Strassen- und U-Bahn-Gottesdienste in Warschau
Weiter westlich, im vergleichsweise wohlhabenden Warschau, ist unter den ukrainischen Flüchtlingen eine Erweckung ausgebrochen. In der Innenstadt halten junge Leute täglich Strassen- und U-Bahn-Gottesdienste ab, ihr fröhliches Gitarrenspiel und Singen zieht junge Menschen zu Bibelkursen und Gemeindetreffen an. An einem Donnerstagabend kamen 45 junge Menschen in einen Nebenraum, um zu beten und Gott zu preisen, zu lachen und über die Bibel zu sprechen – sie alle sind Flüchtlinge aus der Ukraine.

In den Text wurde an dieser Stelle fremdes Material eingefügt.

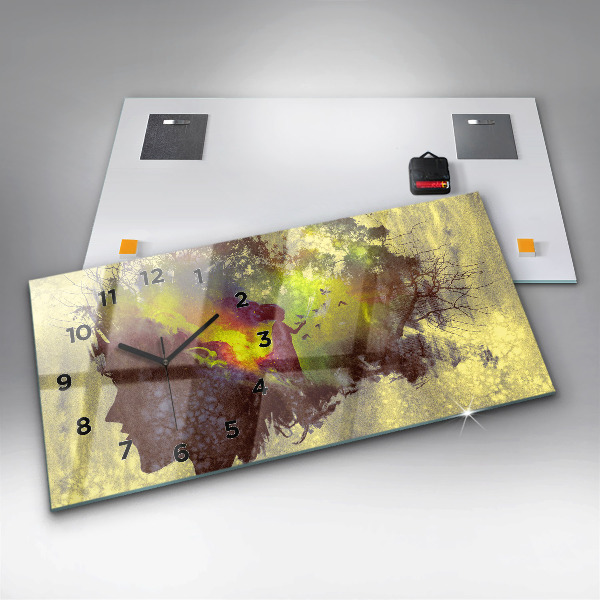 Vízszintes üvegóra Nő az erdőben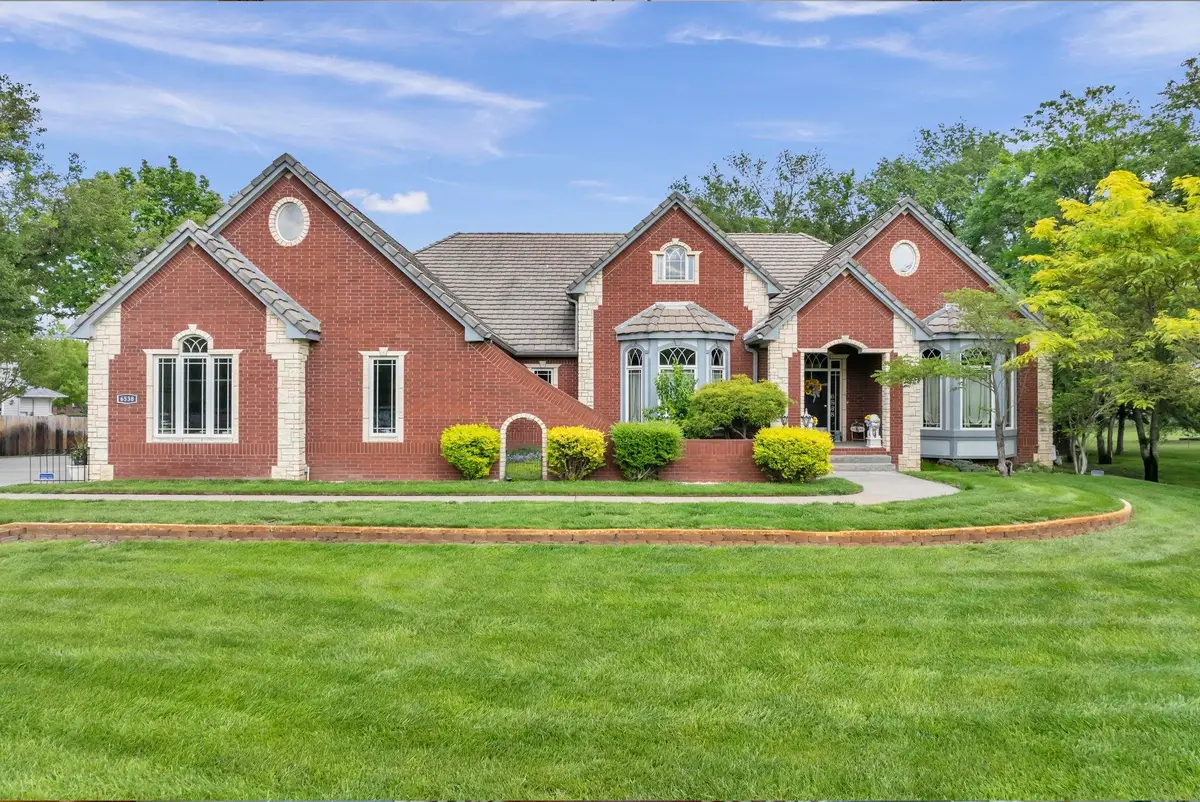 6538 N Bella Rd, Wichita, KS 67204 - #1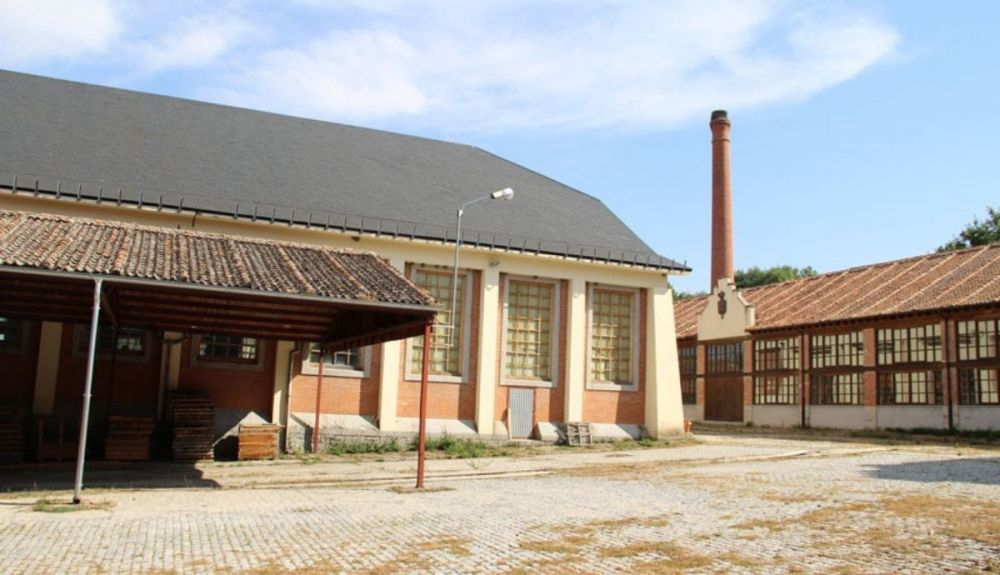 El Real Taller de Aserrío de Valsaín es un elemento integrante del patrimonio histórico español. El Real Taller de Aserrío de Valsaín es un elemento integrante del patrimonio histórico español.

Ihr Leiter Alexander – seinen Nachnamen möchte er nicht nennen – sagt: «So etwas haben wir noch nicht erlebt, dass die Ukrainer so das Evangelium hören wollen.» Alexander leitet einen Zusammenschluss von Pfingstgemeinden. «Vor Jahren sprachen wir über Erweckung und stellten uns das sehr schön vor, als eine friedliche Zeit, und alle würden sich bekehren. Wir hätten nie an Krieg gedacht und dass die Menschen auf diese Weise von Jesus hören würden.»

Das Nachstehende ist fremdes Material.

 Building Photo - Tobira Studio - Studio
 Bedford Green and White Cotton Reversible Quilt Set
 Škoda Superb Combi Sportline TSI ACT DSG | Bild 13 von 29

«Vor dem Krieg kam keiner»
Im ukrainischen Krementschuk hat sich eine freie Gemeinde in nur wenigen Monaten mehr als vervierfacht. Pastor Vladimir Avilov hat in der Innenstadt einen grossen Saal gemietet, um Platz zu haben für die vielen, die am Sonntagmorgen kommen zu Bibellehre, Musik und Gemeinschaft. «Vor dem Krieg haben wir ständig in die Kirche eingeladen, aber es kam keiner», sagt Avilov, «und auf einmal kommen sie und es werden immer mehr.» Jana, 33, Ehefrau und Mutter, erzählt begeistert von der Freude, die sie unter diesen Christen gefunden hat: «Es ist fürchterlich hier, aber wir vertrauen auf Gott», sagt Jana. «Jeden Tag beten wir: ‚Gott, hilf uns. Beschütze unsere Soldaten und unser Volk‘, und möge der Krieg bald zu Ende sein.»

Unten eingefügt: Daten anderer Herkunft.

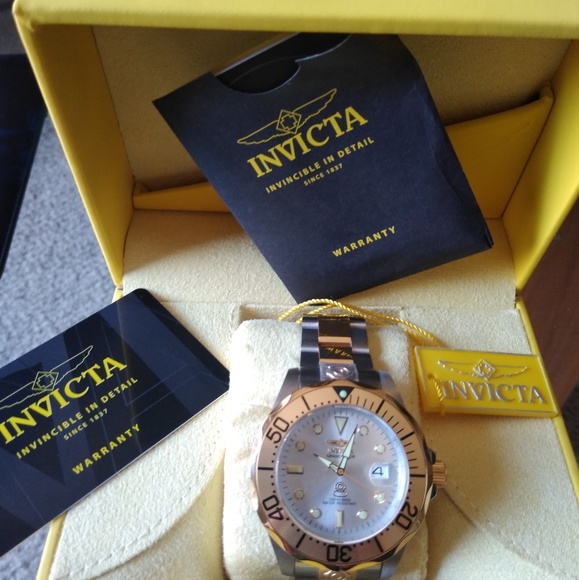 invicta men's diver watch
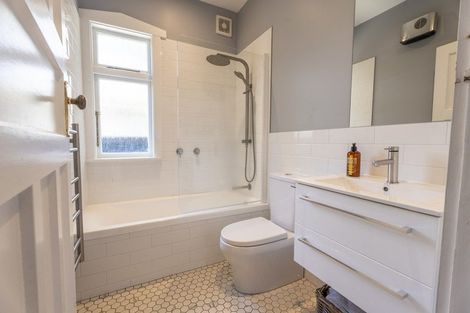 Photo of property in 9 Malcolm Avenue, Cashmere, Christchurch, 8022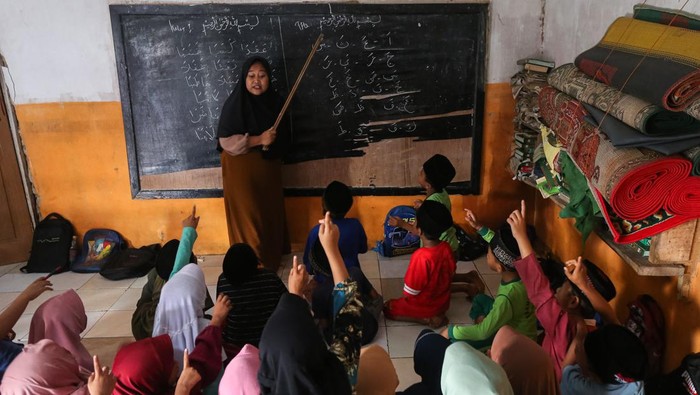 Semangat Belajar Siswa Madrasah di Pandeglang Meski Fasilitas Terbatas Sejumlah siswa mengikuti kegiatan belajar mengajar tanpa meja dan kursi di Madrasah Diniyah Takmiliyah Awaliyah (MDTA) Hidayatul Mubtadiβin, Pulosari, Kabupaten Pandeglang, Banten, Rabu (30/7/2025). Menurut pihak madrasah yang berlokasi di kaki Gunung Pulosari dan didirikan tahun 2007 serta memiliki murid sebanyak 70 orang itu belum bisa melengkapi fasilitas meja dan kursi untuk siswa karena kekurangan anggaran, sementara tenaga pengajarnya dibayar secara sukarela oleh orang tua murid dan hanya mendapatkan dana hibah rata-rata Rp5 juta per tahun. ANTARA FOTO/Angga Budhiyanto/tom.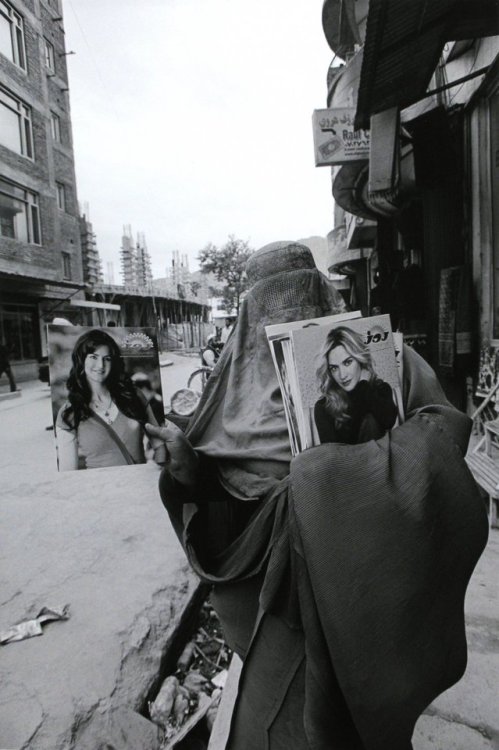 Larry Towell - Kabul (2010).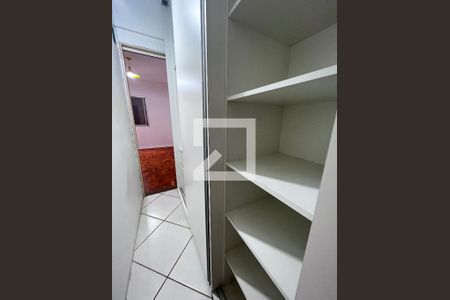Apartamento à venda com 77m², 2 quartos e 1 vagaQuarto 2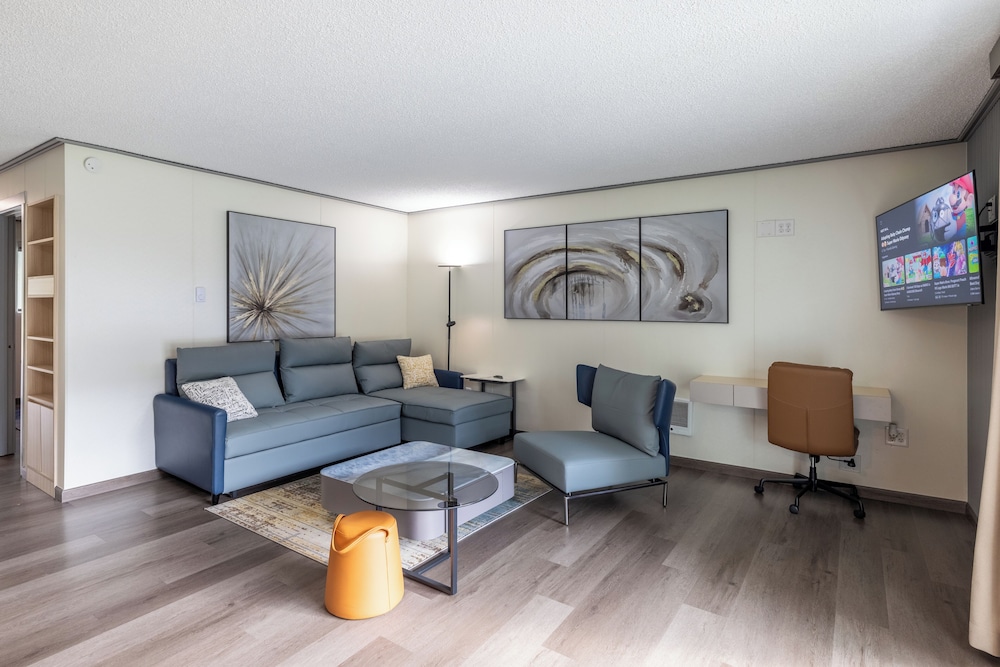 Suite - Photo 10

Jane Dollars Ehemann Gerald ist in Kiew leitender Finanzverwalter der Evangelischen Theologischen Universität. Er blieb während der Bombardierung und der russischen Belagerung in der Stadt, um die Hilfe der Kirchen für die Menschen vor Ort zu koordinieren. «Als der Krieg ausbrach, brauchten die Pfingstkirchen keine Hilfsnetze aufzubauen», sagt Gerald. «Sie hatten schon welche, mussten sie nur noch ausbauen.» Durch das Helfen sind die Gemeinden enorm gewachsen. «Die Pfingstkirchen wurden zur Quelle der Hilfe. Wenn Menschen stundenlang auf dem Gemeindegelände Hilfe erhalten und von Unbekannten versorgt und geliebt werden wie noch nie, dann hat das eine starke Anziehungskraft. Das bringt die Menschen zum Kreuz»“
Die christlichen Gemeinden seien die besten Hilfswerke überhaupt, sagt er. «Nach dem Krieg wird ihr Image anders sein – und dann können wir noch mehr bewirken.»